Quick Drag ist eine Spule, die einen sehr kurzen "Bremsweg" hat. (Auf und zu in weniger als einer Umdrehung. 
Ein Freilauf war für das Angeln mit Festbleimontagen noch nie notwendig. Es wurde nur ständig geschrieben, dass man so etwas unbedingt bräuchte. Wenn man sich daran gewöhnt hat, kommt man nur schlecht davon los. ;-)
Ich fische seit Jahren Brandungsrollen beim Karpfenangeln und alle Karpfenrollen sind im Endeffekt nichts anderes.


----------



## cyberpeter (24. September 2013)

*AW: Okuma Powerliner PL-865 rattert beim einholen der Montage VIDEO inside!*

@ vermesser

Eine Brandungsrolle trifft die "optimale" Karpfenrolle wohl am besten zumindest wenn man oft weiter werfen muß. Großer Spulendurchmesser und hohe Spule um möglist wenig Reibungswiederstand beim Werfen zu haben und möglichst hoher Schnureinzug bei möglichst geringer Übersetzung sein Blei möglichst schnell (wegen Kraut) und mit größtmöglicher Getriebeschonung und -kraft einholen zu können wenn man doch mal einen Klumpen Kraut mir rausziehen muß. Gleiches gilt im Prinzip auch wenn man mit dem Futterboot oder normalen Boot auslegt.
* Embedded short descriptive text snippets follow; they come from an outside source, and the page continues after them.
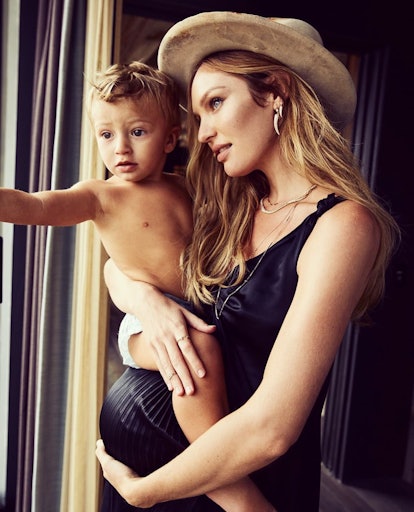 Pregnant mom supermodel Candice Swanepoel looking through the window while holding son.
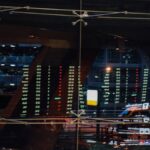 Piso de negociação de bolsa de valores com monitores exibindo cotações e movimento de investidores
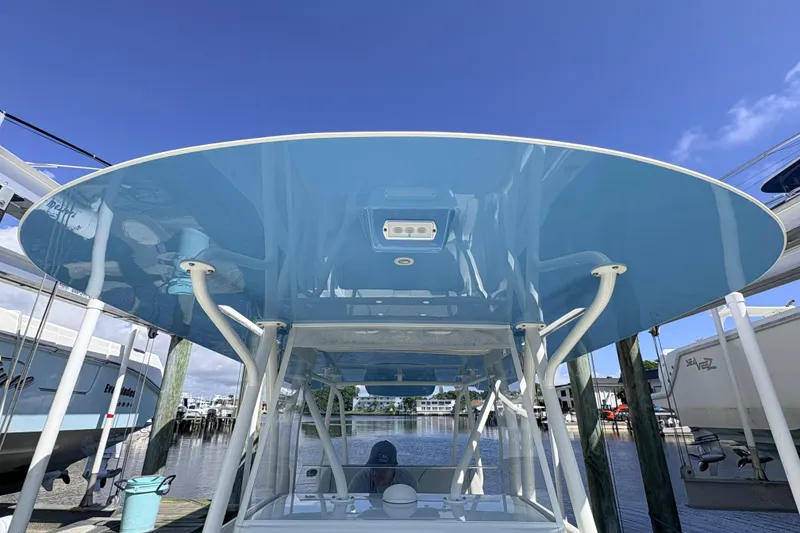 Slide: The Image of 2017 SeaVee 370Z boat with blue T-top at marina dock. - 20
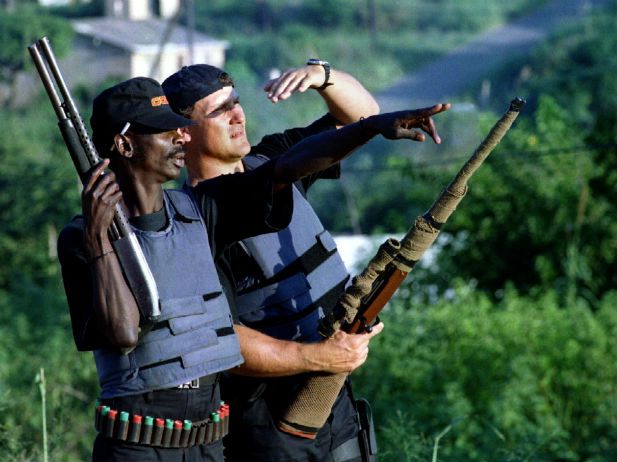 A South African mercenary (R) carrying a sniper rifle wrapped in camouflage netting, surveys a construction compound.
Hier braucht man dann zwar keine so optimal "geformte" Spule weil man ja nicht wirft, aber ein hoher Schnureinzug mit entsprechender "Getriebepower" ist wenn man sich keinen Wolf kurbeln will oder im Kraut hängen bleiben will unerlässlich. Gerade beim Auslegen "zerlegt" es deshalb viele Rollen.

Wenn man nicht weit werfen muß oder weit auslegt, dann kommt man durchaus auch mit kleineren und vorallem leichteren Rollen beim Karpfenfischen aus so lange sie stabil genug sind und die Spule groß genug, dass einem die Schnur nicht von der Rolle springt. Ich habe auf meinen "Nahbreichsruten" z.B. die relativ zierlichen SS2600. 
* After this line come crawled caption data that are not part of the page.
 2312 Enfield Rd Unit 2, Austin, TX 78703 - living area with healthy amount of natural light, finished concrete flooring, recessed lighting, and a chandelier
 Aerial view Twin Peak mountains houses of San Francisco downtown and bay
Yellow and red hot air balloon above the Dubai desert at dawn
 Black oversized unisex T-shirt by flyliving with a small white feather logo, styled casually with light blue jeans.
Schwierig wird die Geschichte, wenn man beides unter einen Hut bringen will bzw. muß weil man eben nur einen Satz Ruten bzw. Rollen hat bzw. dabei hat. Dann sind die typischen schweren Brandungsrollen eigentlich zu schwer und die typischen Nahbereichsrollen und kleinen Freilaufrollen wiederum zu schwach auf der Brust. Gerade in diesem Bereich ist in den letzten Jahren massiv das Angebot angezogen worden mit der Folge, dass die Rollen immer leichter aber auch immer "unstabiler" geworden sind, während das Angebot in den anderen beiden Bereichen mehr oder weniger komplett eingestellt wurde.
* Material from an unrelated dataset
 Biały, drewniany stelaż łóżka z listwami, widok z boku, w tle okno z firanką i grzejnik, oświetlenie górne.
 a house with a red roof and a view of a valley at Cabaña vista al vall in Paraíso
Quickdrag hat Punkkarpfen ja schon gut erklärt, braucht man zwar nicht unbedingt, ist aber praktisch besonders für nicht so ganz "geübte" Karpfenangler die oft, ein Problem haben, die die 3-6 Bremsknaufumdrehungen zu machen damit die Bremse von der "Freilaufeinstellung" zur "Drilleinstellung" kommt weshalb sie dann entweder Freilauf oder max Quickdrag nehmen.


Gruß Peter


----------



## Purist (24. September 2013)

*AW: Okuma Powerliner PL-865 rattert beim einholen der Montage VIDEO inside!*



cyberpeter schrieb:


> Diese Rollen sind sicher sehr stabil, die meisten eignen sich aber aufgrund ihres Aufbaus sprich Spule, nicht ganz optimale Schnurverlegung, fehlendes Quickdrag, geringer Schnureinzug, in passender Größe zu schwer und klobig, fehlender hochwertiger Schnurclip usw. wenn überhaupt nur für manche Bereiche des Karpfenangelns und man merkt einfach wenn man ehrlich ist, dass sie eigentlich für etwas anderes gebaut wurden.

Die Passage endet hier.